Volver al Blog

Cómo crear una integración de base de datos segura para un sistema de inventario de videojuegos con objetos inspeccionados

Publicado el 25 de junio de 2026
Cómo crear una integración de base de datos segura para un sistema de inventario de videojuegos con objetos inspeccionados

En resumen

Esta guía técnica detalla cómo implementar un sistema de inventario seguro en Unreal Engine C++ utilizando lógica server-authoritative para evitar trampas en las transiciones de estado de inspección de objetos.

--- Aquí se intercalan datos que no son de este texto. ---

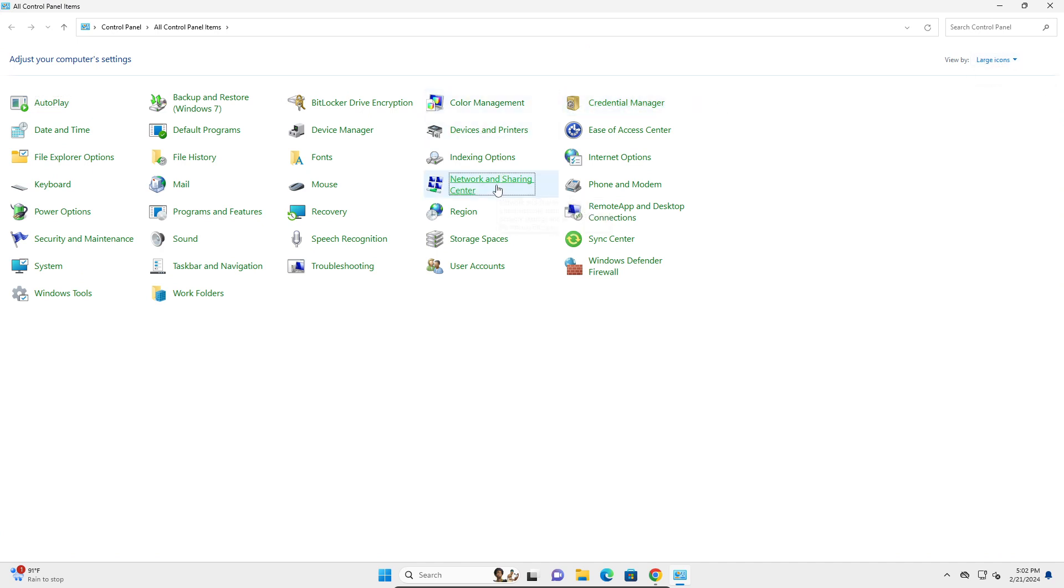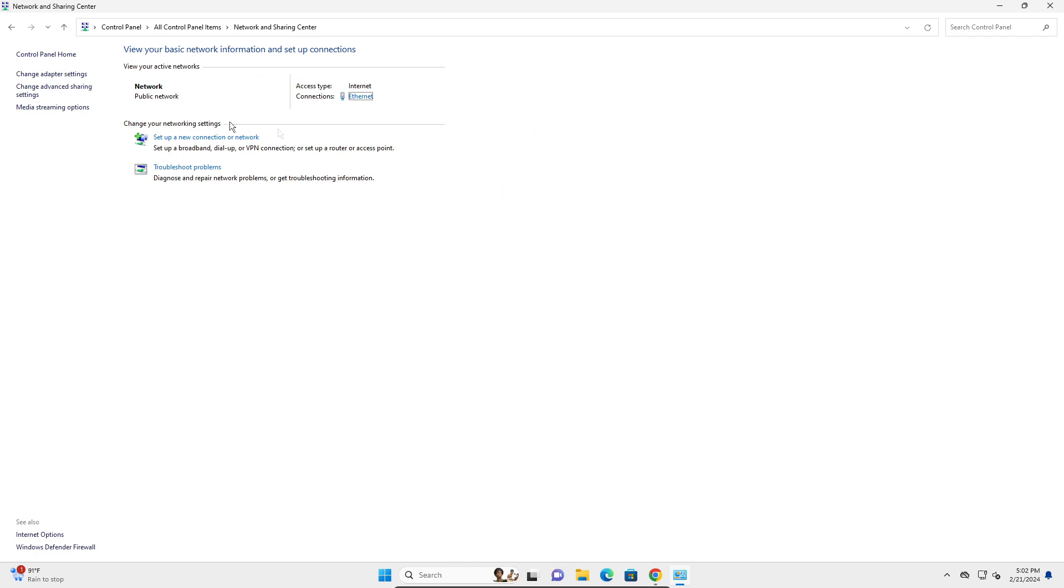Open that, and here you're going to change adapter settings.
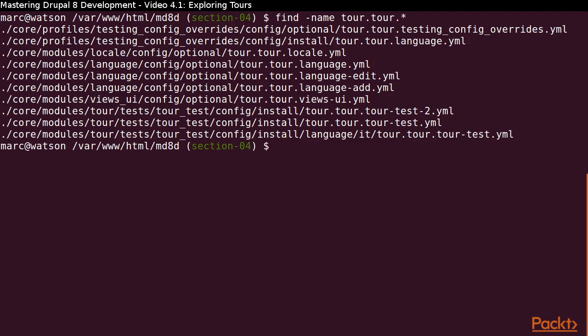Let's take a look at what TOR files are available with CORE. I'm using the Find utility to search for file names that start with TOR.TOR.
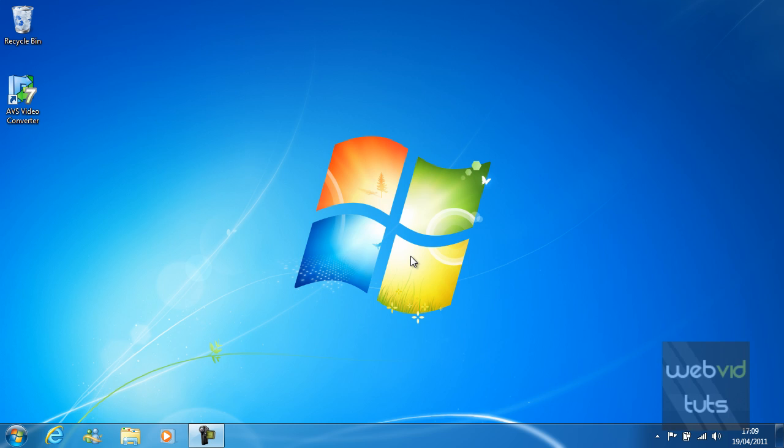Hello everyone and welcome to video 6 of chapter 1 in the Windows 7 series. In this video you will be learning how to change the screen resolution of your computer.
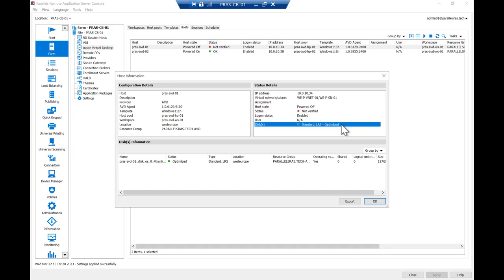Using this feature, Parallels RAS can provide the best balance between user experience while the Session Host server is running, and optimizing for cost while the virtual machine is stopped as part of autoscaling and power management.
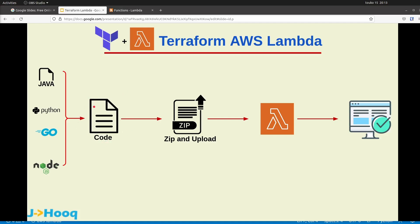The code file means there will be a main.tf — that is your main Terraform file — along with a Python code that could be a hello-world.py or whatever Python program you are about to write. Once you write the Terraform code along with your Python code, you need to zip the Python code, not the Terraform code. Whenever you work with AWS Lambda you need to zip your code, then upload it to AWS Lambda using Terraform. Once that file is uploaded, you can execute the AWS Lambda function to get your desired result.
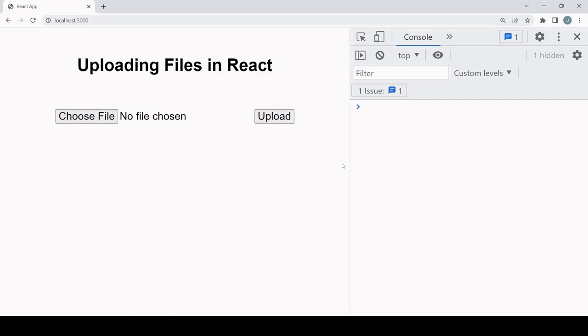Hello everyone and welcome to this tutorial. Today I'm going to show you how you can upload a file or multiple files in React using Axios or Fetch and how you can update the UI as the upload progresses, whether that be text or a progress bar.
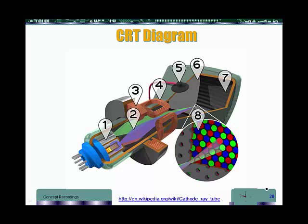The cathode ray tube is the basis of TV screens that use what we call CRT tube. Those are the TVs that were used during the 20th century and the beginning of the 21st century.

Se contrastan los esquemas relacionales (PostgreSQL) y NoSQL para el diseño de la base de datos de inventario, incluyendo un ejemplo de validación en Node.js mediante tokens. Por último, se demuestra cómo horizOn simplifica la persistencia segura y la replicación del estado del juego en tiempo real.

Tus jugadores explotarán cualquier vulnerabilidad para duplicar objetos raros, y las transiciones de estado client-authoritative son su objetivo favorito. En juegos de terror, aventuras y RPGs, la acción de inspeccionar un objeto —como recoger una llave, rotarla en 3D para encontrar una pista y añadirla al inventario del jugador— es una mecánica clásica. Si el cliente de tu juego dicta directamente cuándo se añade un objeto al inventario sin verificación del servidor, una simple herramienta de inyección de paquetes como Cheat Engine o Fiddler puede engañar al cliente para que envíe señales de "add item" (añadir objeto) para ítems que el jugador ni siquiera ha visto. Para evitar esto, los desarrolladores deben implementar una integración de base de datos robusta para el sistema de inventario del juego que conecte las interacciones del lado del cliente con la lógica server-authoritative y una persistencia segura en la nube.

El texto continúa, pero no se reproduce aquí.